What do the arts have to do with the Earth’s climate?
To me, sustainability means managing resources prudently so as to limit energy consumption to the bare minimum, utilising natural and environmentally friendly products and methods, and accepting my responsibility to remain conscious of social issues in the spirit of the UN Sustainable Development Agenda and orient all of my actions accordingly.
Climate change is relevant to the cultural world because the cultural world always reflects societal challenges, because culture has an important mission when it comes to communicating ideas, and because it plays a pioneering role in societal transformation.

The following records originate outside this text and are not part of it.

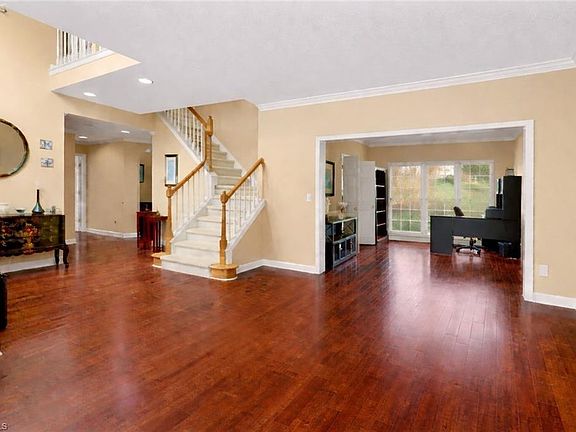 2nd image of 6314 High View Rd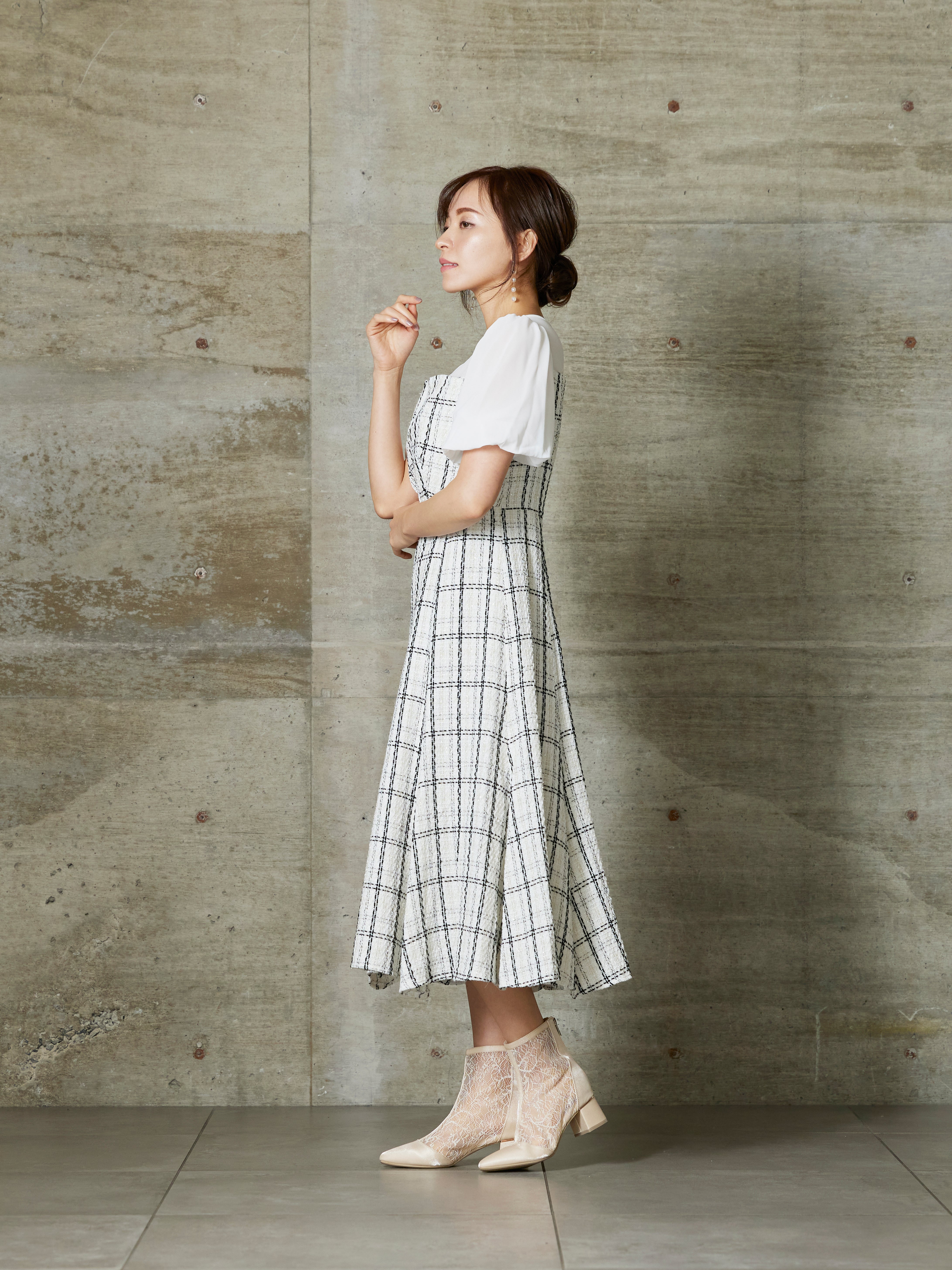 [レンタル] BELINDA DE CAPRIS ツイード ビスチェ風ワンピースドレス ホワイトの宅配レンタル - 2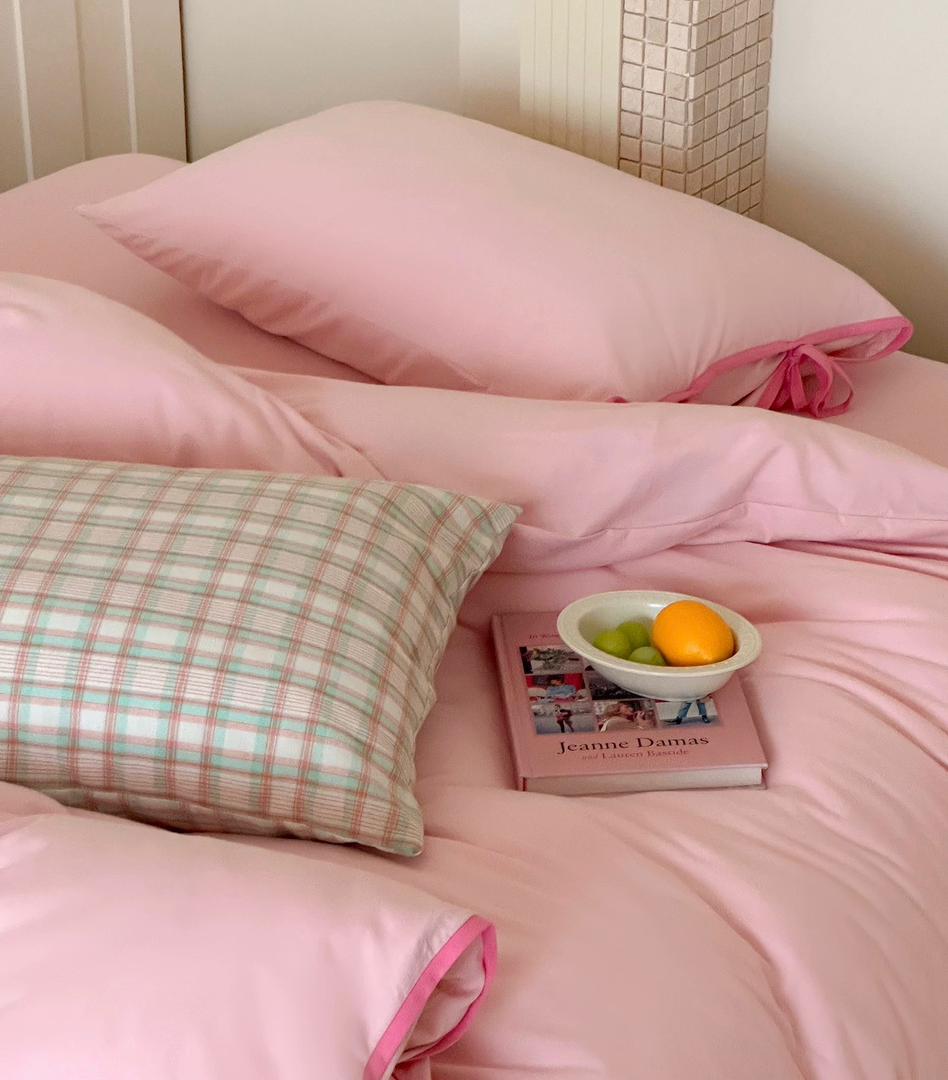 Blush and hot pink beddings set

Art can change the world by working on the emotional level and providing food for thought in the interest of driving forward societal changes, by questioning lots of things that are viewed as self-evident, by sensitising people so that they can recognise interrelationships, and by absorbing and taking seriously new, unfamiliar ideas.

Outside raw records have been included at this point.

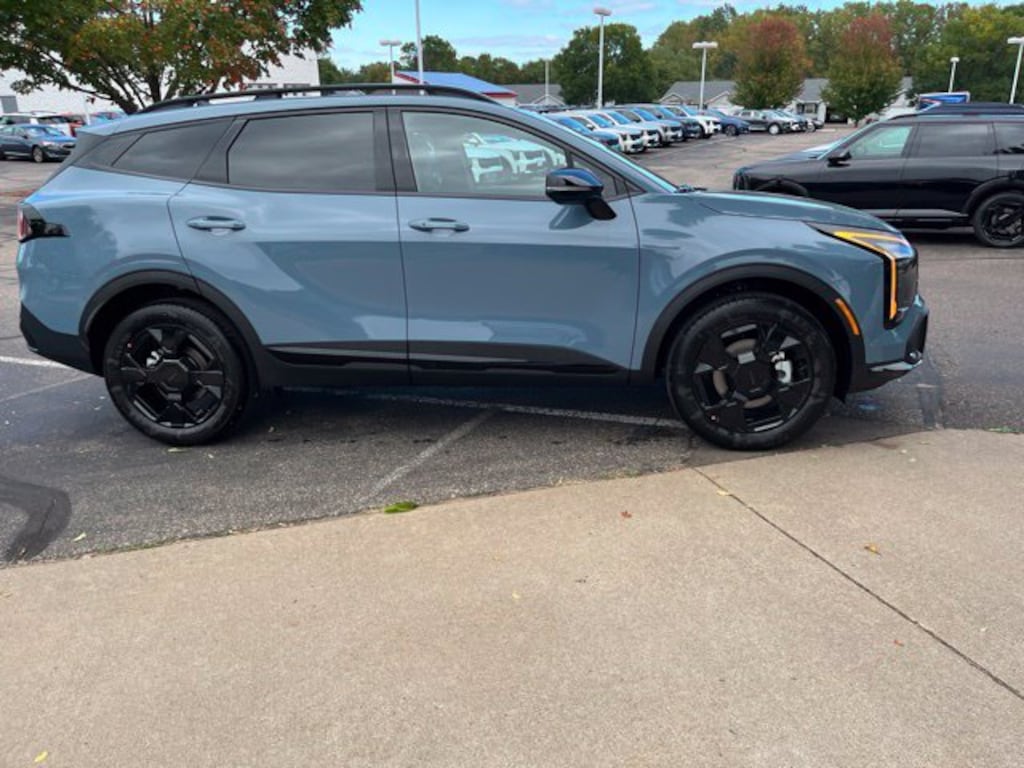 New 2027 Kia Sportage Hybrid X-Line SUV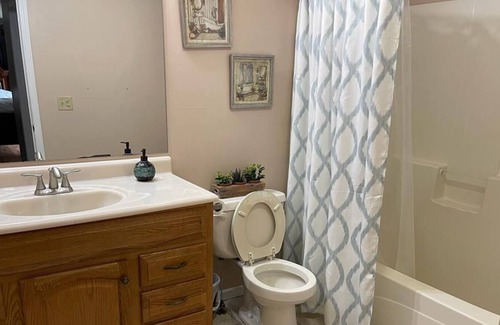 East Chicago Maison | House to rent / rest. 25 min away from chicago!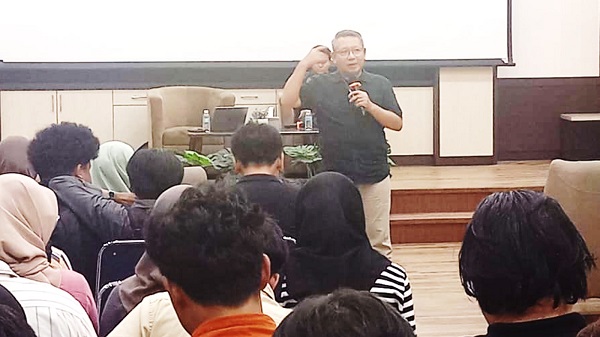 Fathul Wahid saat menyampaikan materi Kuliah Umum kepada mahasiswa, Selasa (23/6/2026). (foto : istimewa)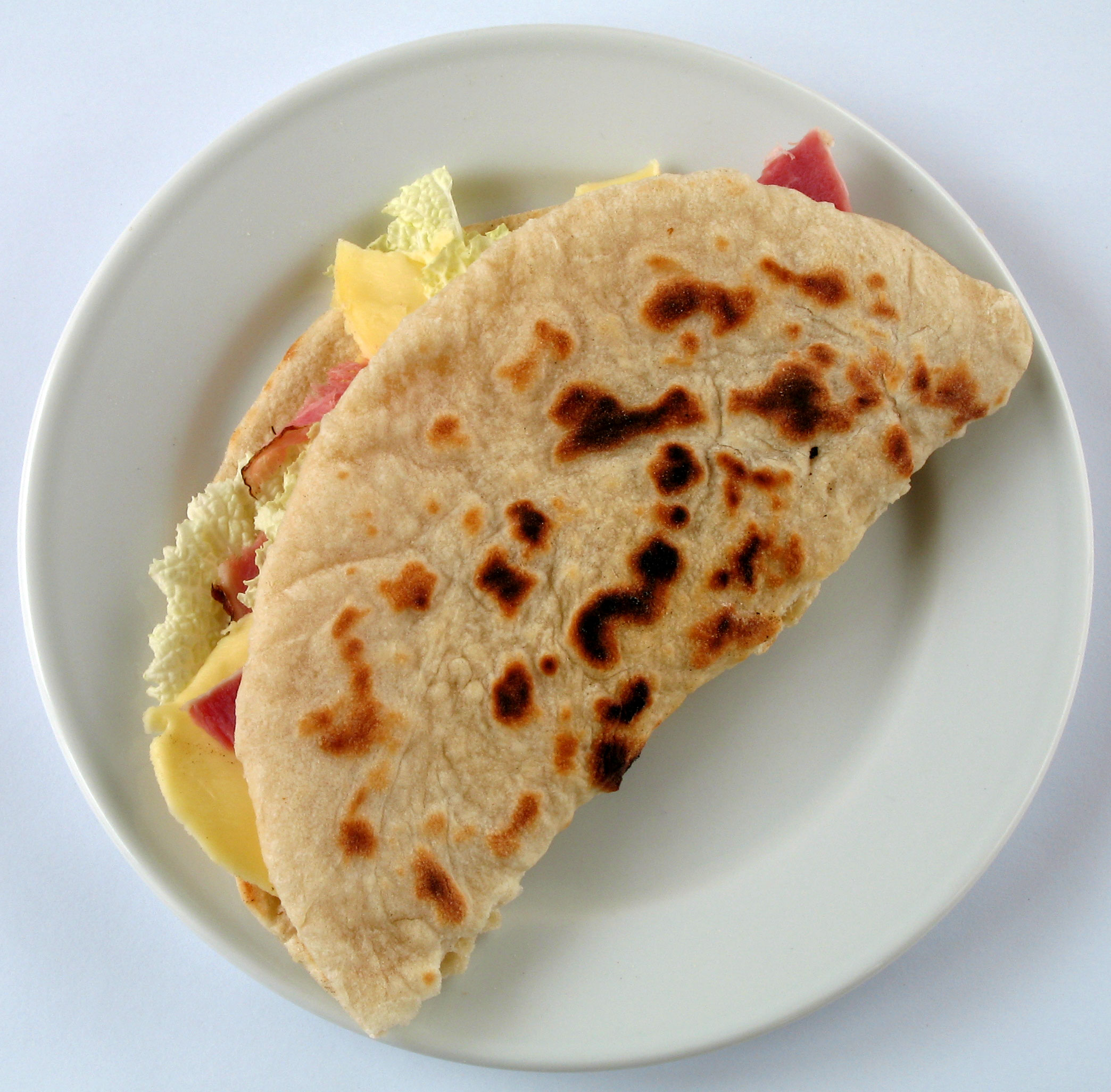 Sebuah piadina, hidangan ciri khas wilayah Romagna Itali dan San Marino.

Climate change makes itself noticed in my work as the implementation of an environmental management system at my own production company and in my demands for changes to resource-intensive film production processes—above all in the technical realm, in workflows, and in the behaviour of all filmmakers.
My personal contribution to climate protection is the way in which I’m changing my private consumption behaviour to favour economy and sustainability, reminding myself how every step, no matter how small, is important for protecting our planet, and remaining involved in the critical discourse as well as thinking holistically and with an eye to solidarity.
For the future, I hope that filmmakers’ training will benefit from measures (such as eco-bonuses for film projects at Film Academy Vienna) aimed at facilitating environmentally sustainable film production that also pays heed to the values of an economy for the common good as a matter of principle, bridging social gaps and thus rendering our society more resilient.
In the series “What do the arts have to do with the Earth’s climate?” the “Green mdw” initiative is inviting concerned individuals to speak out on their personal approaches to this issue.
Katja Dor-Helmer completed a business degree at the Vienna University of Economics and Business with specialisations in business management and group pedagogy. She authored her diploma thesis on the subsidisation of the French film industry while studying abroad in Paris. In 1987, she assumed leadership of the newly founded Austrian Film Commission. She went on to participate in the professional development programme EAVE – European Audiovisual Entrepreneurs in 1999, and she has been the general manager and proprietor of Mini Film—one of Europe’s few film production companies devoted exclusively to films for children and adolescents—since 2000. Her cinematic productions have won numerous prizes at international film festivals, and multiple coproductions have enjoyed great popular success. Katja Dor-Helmer has taught in Film Academy Vienna’s production programme since 2014, and she was appointed as an associate professor in 2019. That year also saw her author a research paper on the topic of group processes and conflict management in film production.